善も悪もそのまま剥き出しになっていく

現在の八王子のアトリエに移ったのは去年です。普段、僕が登山のトレーニングをするのが高尾山なので、高尾山が近いところ、ということで、八王子にしました。ここは裏山を散歩して戻ってくるあいだ、ほとんど人に会わないまま過ごせる。もちろんすれ違うこともあるけど、1日ほんの数人だからソーシャルディスタンシングも完璧です。

環境はとても重要です。昔住んでいた東陽町(東京都江東区)も近くに木場公園があって自然が豊富でした。朝まで飲んで、帰りに木場公園でお年寄りに交じってラジオ体操をしたことも(笑)。その後仕事場に戻って寝る。夕方になったらまた起きて飲みに行くという毎日でした。

僕は俳句をやるので、季節感を大切にしたい。自然がそばにあるということで、精神的にも肉体的にも健康でいられるのかな、と思います。

だったらいっそ軽井沢にでも移住しようか、なんて考えたことはありますが、やはり東京に軸足を置いておくことも大事かな、と。ここ八王子なら、東京の下町の延長線上に自分はいる、と感じることができます。軽井沢は......90歳になったらね。90歳まで生きていたらの話ですけど。(笑)

僕にとって門前仲町のあたりが大衆酒場の原点でしょうね。その中心が魚三酒場。今も酒飲みの憧れの店なんじゃないかな。コロナの後もそういう飾り気のない、昭和の大衆酒場は残っていくはず。もちろん形は多少変わると思うけれど、昭和酒場のエッセンスは継承されていくでしょう。コロナが終息したら、全国のそんな酒場に応援に行きたいです。

「東京アラート」も解除されました。

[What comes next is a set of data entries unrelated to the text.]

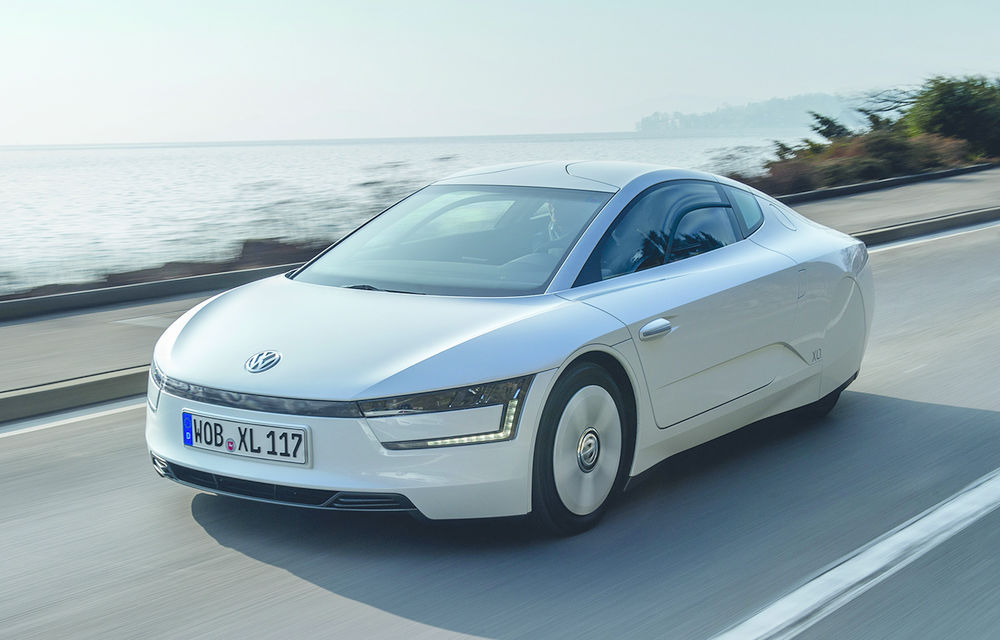 Volkswagen XL1 va fi disponibil doar în regim de leasing - Poza 2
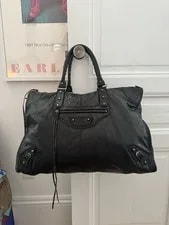 Balenciaga — Balenciaga Motorcycle City Weekender XL Y2K — Handbag — resale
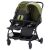Fill Duo Ikerbabakocsi, olive green twin stroller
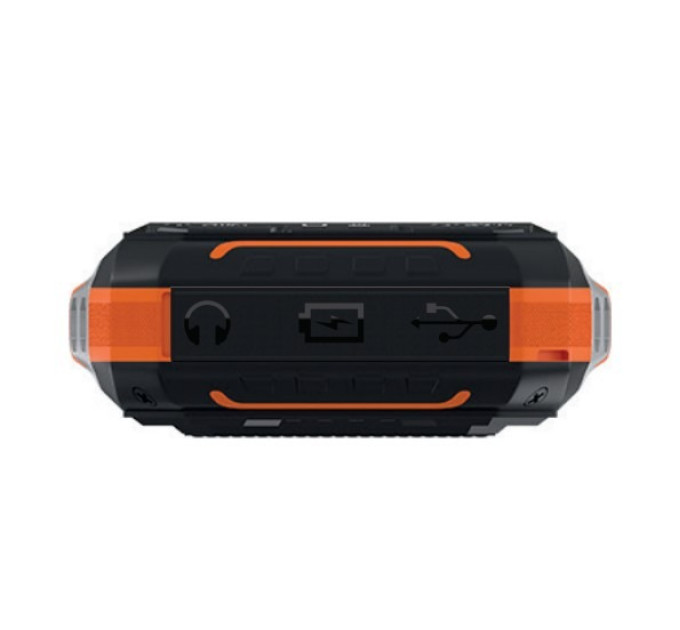 Ergo Мобiльний телефон Ergo E182 Dual Sim Black Orange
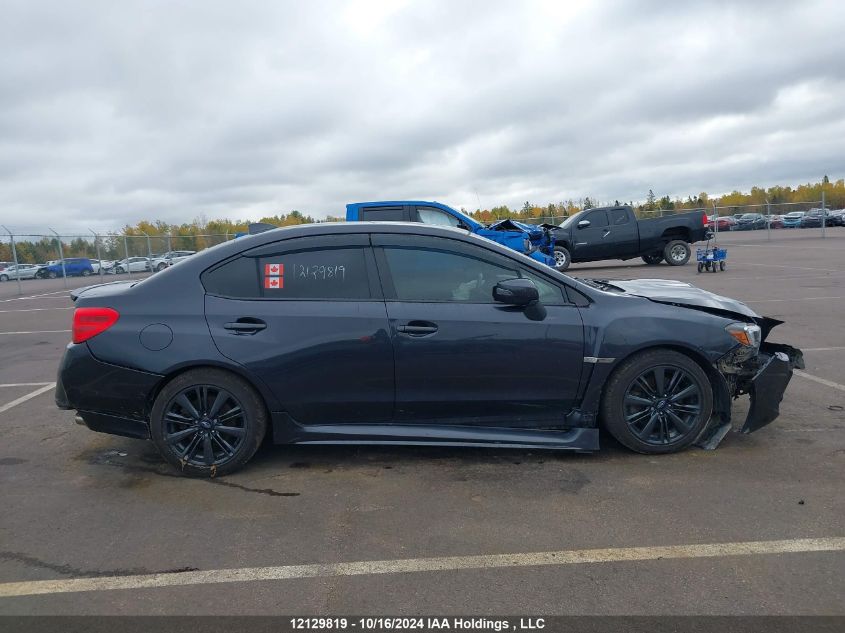 2018 Subaru Wrx VIN: JF1VA1L68J8820196 Lot: 12129819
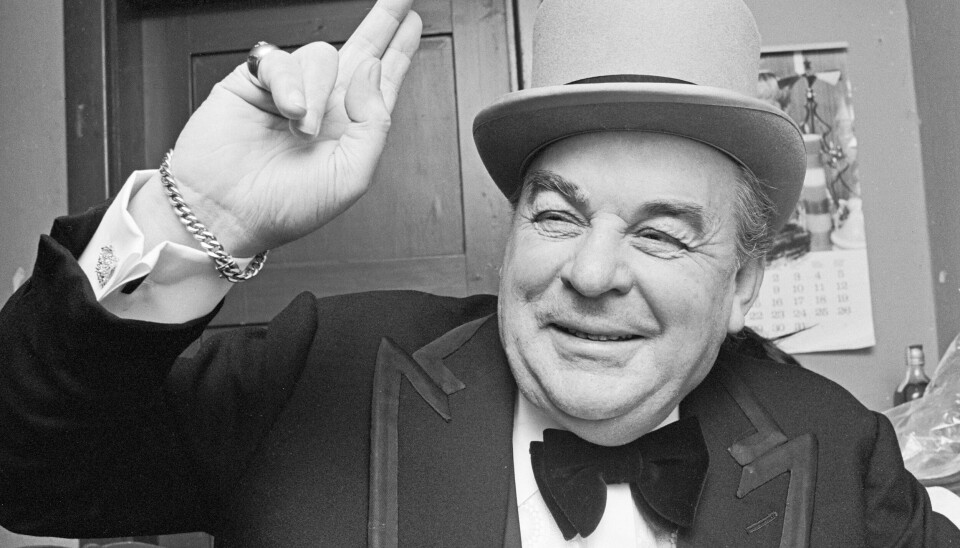 Multikunstneren VolmerSørensen Den store showmand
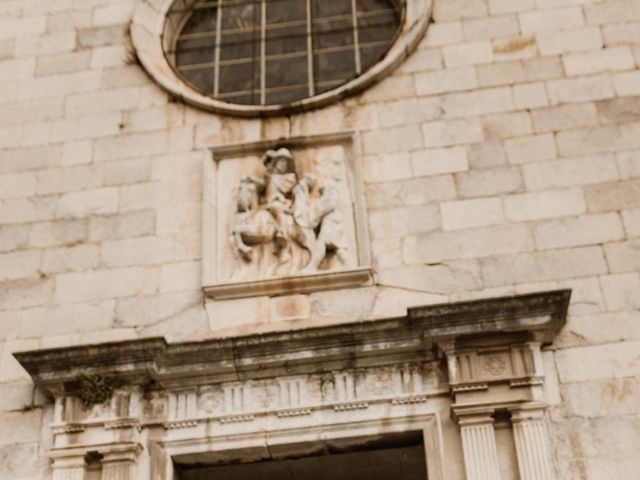 La boda de Miguel y Alina en Sant Julia De Ramis, Girona 39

これで、都内のロケはやりやすくなるでしょうね。地方に行くのはまだちょっと難しいかもしれませんが。

そのあたりは臨機応変というか、焦らず、状況に合わせてやっていこうと思います。基本、なるようにしかならんだろ、というところもあるのと、自分が焦って人を思いやるゆとりすらなくしてしまったら、それこそ元も子もありません。

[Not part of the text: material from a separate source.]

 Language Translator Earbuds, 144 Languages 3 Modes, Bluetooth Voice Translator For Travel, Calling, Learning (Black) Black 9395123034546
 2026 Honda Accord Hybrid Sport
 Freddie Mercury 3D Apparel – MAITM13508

ニュースを見ていると、コロナのせいで、人間の本質がどんどん暴かれていくような気がします。日常では見えなかった、はらわたの如きものが、全部ひっくり返ってさらけ出されてしまった感じです。善も悪もそのまま剥き出しになっていく今の状況は、70年前にカミュが『ペスト』で描いた世界とそっくりです。

だからこそ、逆に居直って、人間として俺はここで一つ成長できるぜ、みたいな生き方を選んだっていいと思うんですよ。今だからこそ、一回り大きな人間になってみろよ、と。

コロナで、今までと違った異常な日常をみんな送っていると思いますが、それが人間の存在に強いインパクトを与えているのであれば、おおらかな気持ちを持って弱い存在──弱いというのは自分も含めてね──を愛し、精神的に大きな人間になっていけばいい、と思いますね。